A ex-presidente Dilma Rousseff disse que “a democracia no Brasil passa pela eleição de Lula à presidência”. O que o senhor acha?
Não! O remédio para a democracia brasileira é que o povo se aproprie do Estado para cuidar de seu país. O Lula é apenas uma peça da engrenagem. Eu tenho consciência da minha importância política, mas analiso também os problemas da sociedade e a contingência de forças políticas. Eu acredito que é na democracia que encontraremos todas as soluções para os problemas do país.

O senhor declarou que tanto o Partido dos Trabalhadores quanto o senhor deveriam “assumir suas responsabilidades”. O senhor associa a isso uma alguma dose de autocrítica?
Não tenho problema nenhum com isso. O problema é que esta questão da autocrítica não é direcionada a ninguém no Brasil, exceto ao PT. Ninguém jamais colocou esta questão, por exemplo, ao (ex-presidente) Fernando Henrique Cardoso. É verdade que o PT cometeu erros, se enganou e falhou em algumas coisas. Aliás, é por isso que eu quis voltar em 2018, para fazer as coisas que eu não tinha conseguido, por falta de experiência ou porque deveria ter feito outras escolhas.

Por exemplo, a regulamentação dos meios de comunicação. Eu não queria adotar um sistema como o cubano, mas mais como na França ou na Alemanha, onde existe liberdade de imprensa, uma certa regulação e a admissão de um direito de resposta. No Brasil há uma censura de classe. E os donos dos jornais querem governar o país. Nisto reside o problema.

E a questão da reforma política?
Não faremos uma reforma política no Brasil com um Congresso como este. Qual partido é capaz de se comprometer com este tema? Nenhum! Eles não querem uma reforma política. Tarso Genro, que era meu ministro da Justiça, tentou fazer diversas modificações, mas nenhuma passou. Isto porque os eleitos se alternam nas instituições vigentes. Os partidos não querem acordo e não mudarão.

É verdade que não pudemos fazer tudo que gostaríamos de ter feito. Como colocar mais pessoas nas universidades ou nas escolas técnicas. Dito isto, aqueles que nos pedem uma autocrítica se recusam a admitir o que nós fizemos de bom. Veja bem: quando ocorreu a crise de 2008, cerca de 100 milhões de pessoas perderam seus trabalhos nos países desenvolvidos. Nós, no Brasil, criamos 20 milhões de empregos.

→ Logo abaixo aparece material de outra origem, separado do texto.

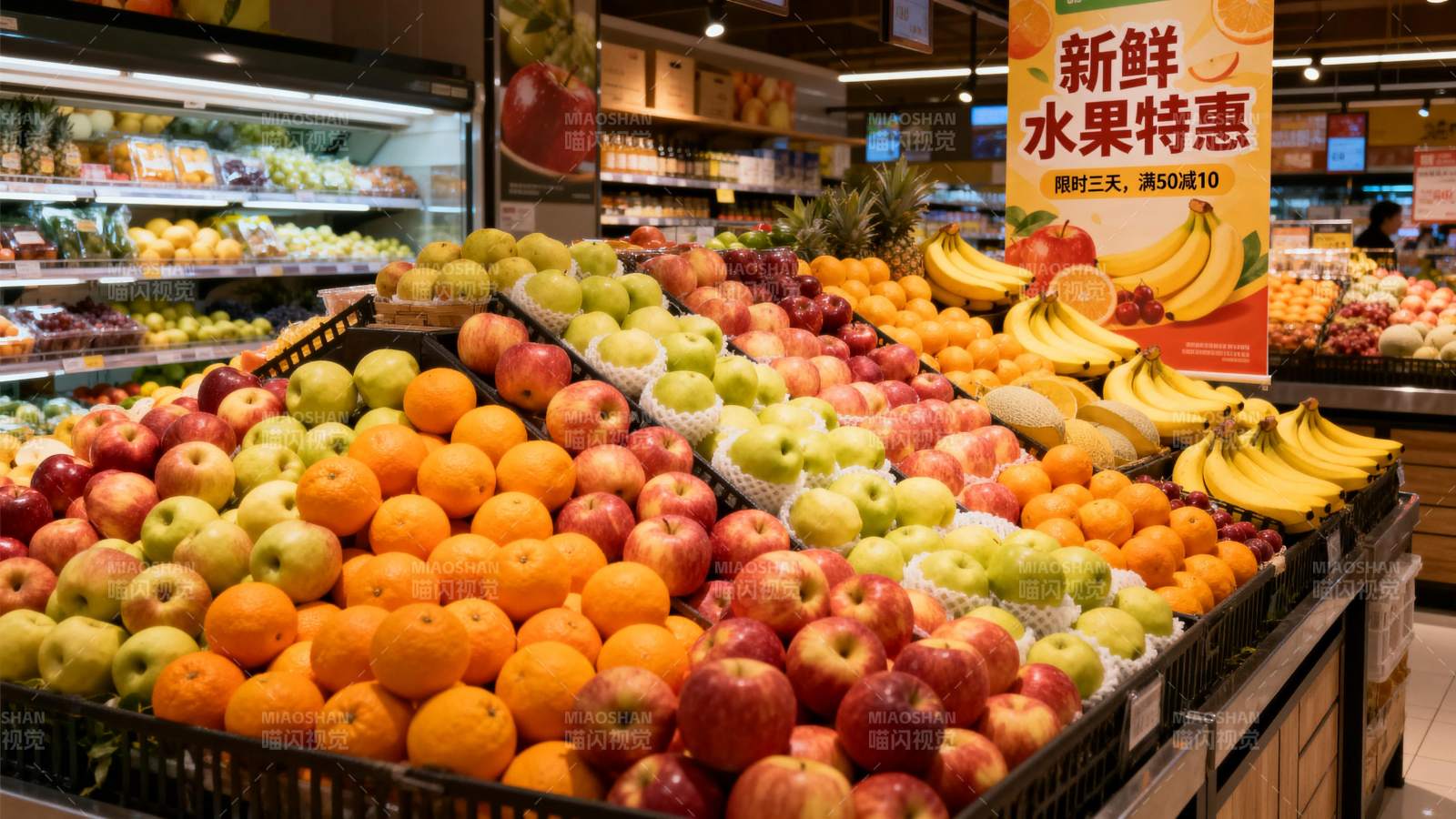 新鲜水果特惠图片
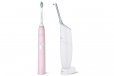 Philips HX8424/17 Sonicare 4300 Electric Toothbrush & Airfloss Pink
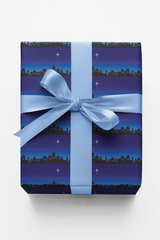 Bethlehem Silhouette - London Penny Gift Wrap
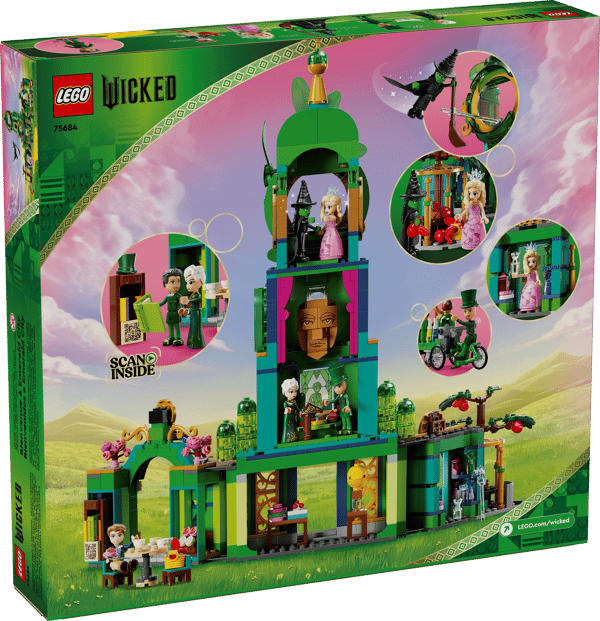 LEGO 75684 Bienvenue à Emerald City — visuel 8 sur 8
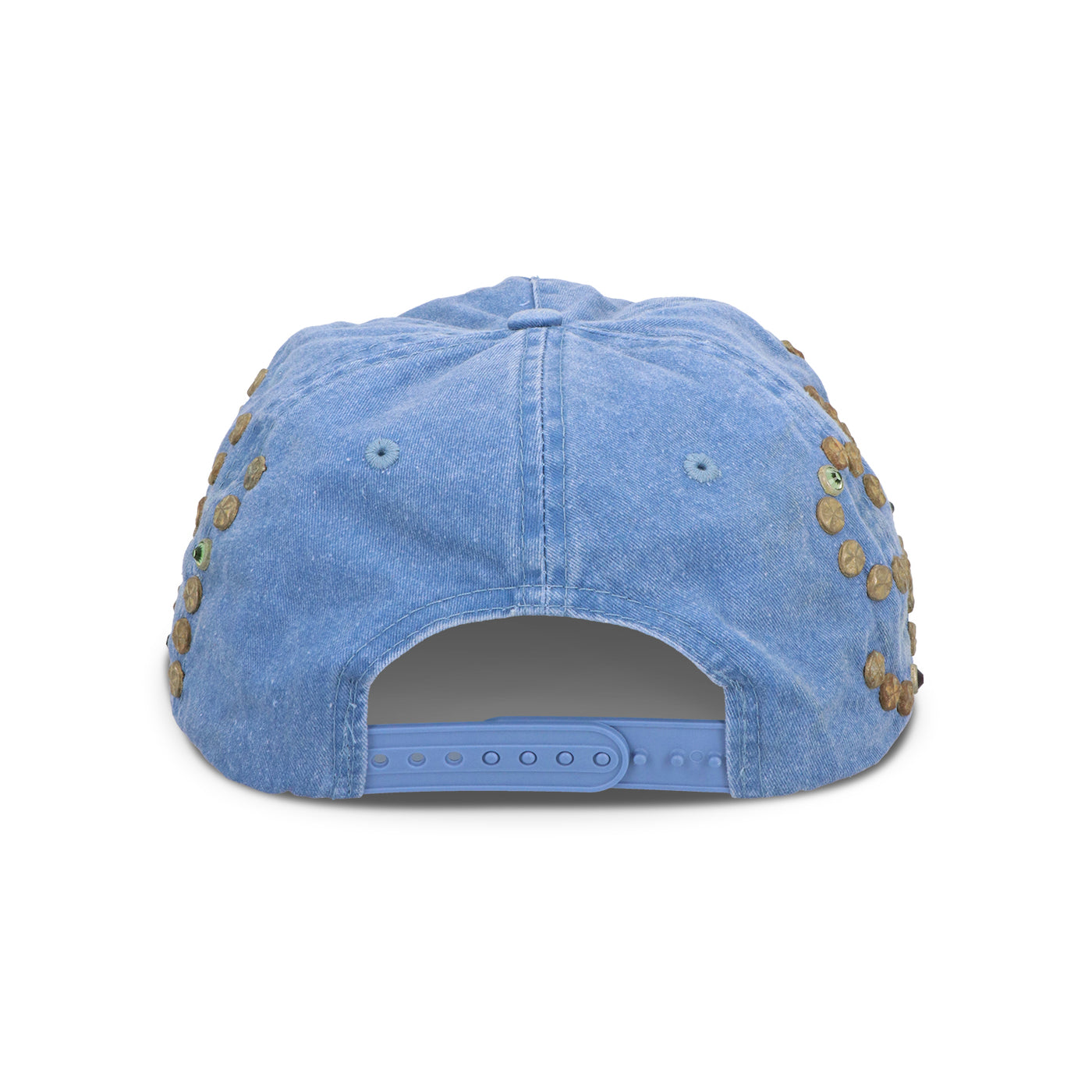 STUDDED WRAP AROUND HAT｜SATOSHI NAKAMOTO｜ACCESSORIES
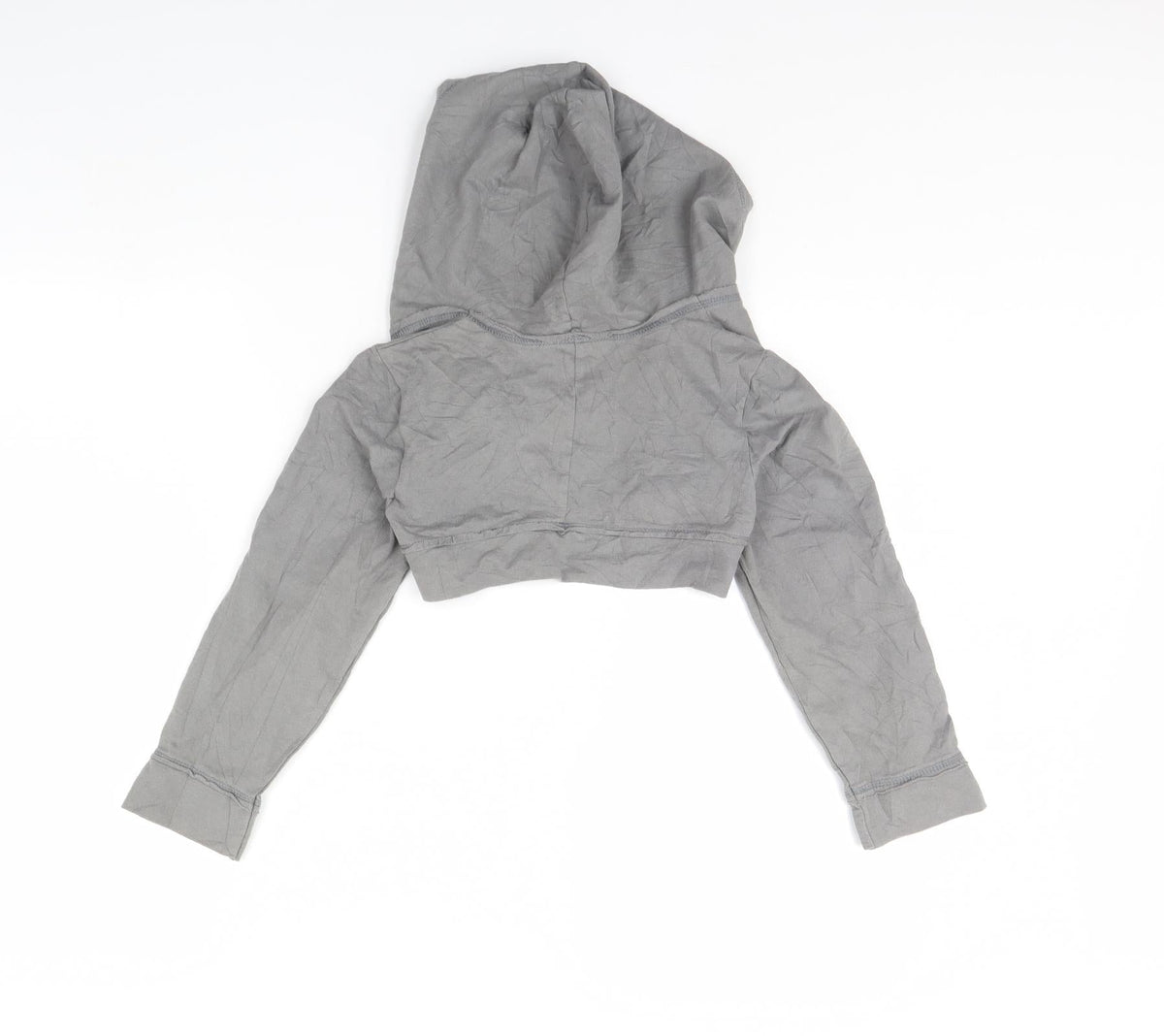 Back view of Tu girls’ grey jacket, size 9, years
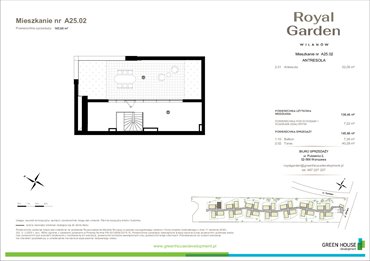 rzut mieszkanie na sprzedaż 138m2 mieszkanie Warszawa, Zdrowa 2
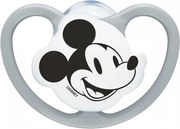 Baba cumi NUK Perfect Match Air Disney Mickey Mouse  0–6 hónapos grey, vel. 0-6 h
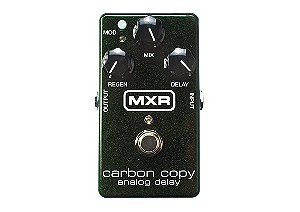 Pedal Mxr Carbon Copy Analog Delay Mxr169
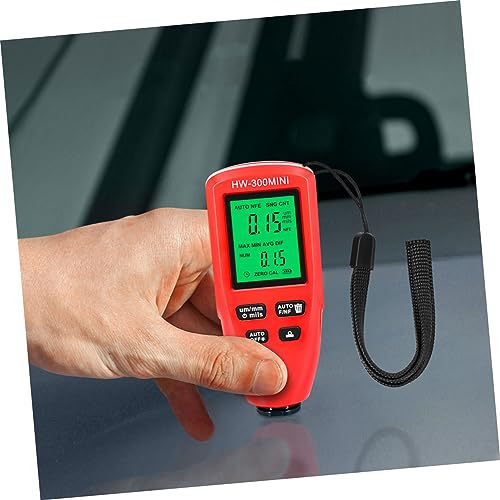 Medidor Digital de Espesor de Pintura Automotriz Compacto y Preciso miniatura 3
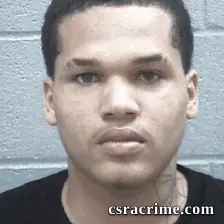 Zaire Warner booking photo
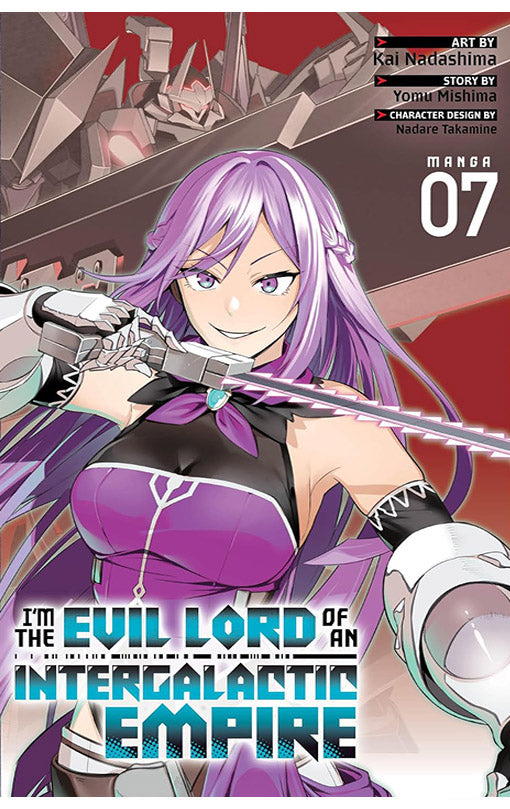 I'm the Evil Lord of an Intergalactic Empire! vol 07 (manga)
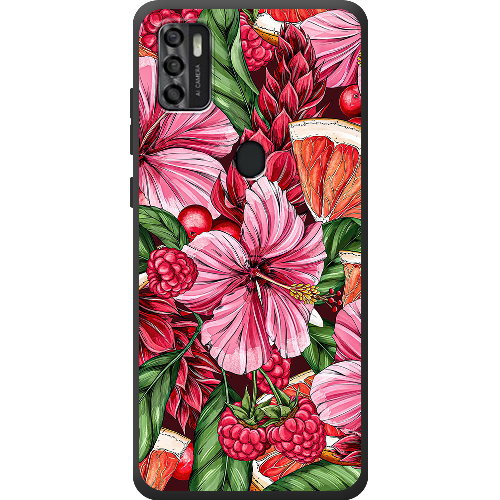 Чехол BoxFace ZTE Blade A7S 2020 Tropical Flowers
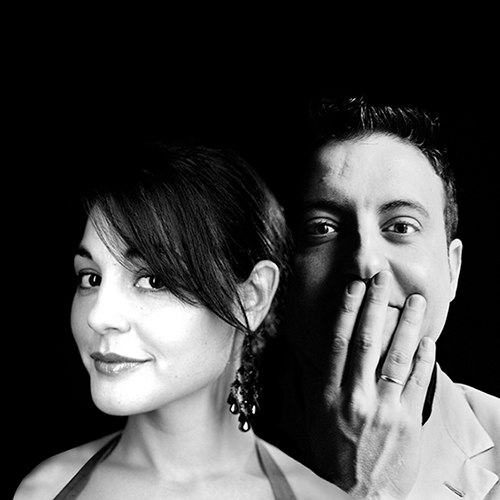 Ana Quintans e Carlos Mena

Vamos comparar a situação com as dos democratas norte-americanos, que também perderam as eleições contra um nacionalista populista como Trump. Eles não fizeram a autocrítica deles. Fizeram até o contrário, parecem-se cada vez mais com os republicanos! Este não é o caso do PT. Tudo bem que o Trump é maluco, tem um parafuso a menos, mas qual a diferença, do ponto de vista econômico, entre Joe Biden e ele? Fiquei triste que o Bernie Sanders não conseguiu obter vantagem na Super Tuesday. Ele era meu favorito, e agora as coisas vão ficar mais difíceis para ele…

Eu sempre me pergunto a mesma coisa: por que criei o PT? Eu fiz isso porque queria construir um instrumento político para dar visibilidade e voz para aqueles que não as possuíam. Atualmente, é forçoso reconhecer que não tivemos êxito.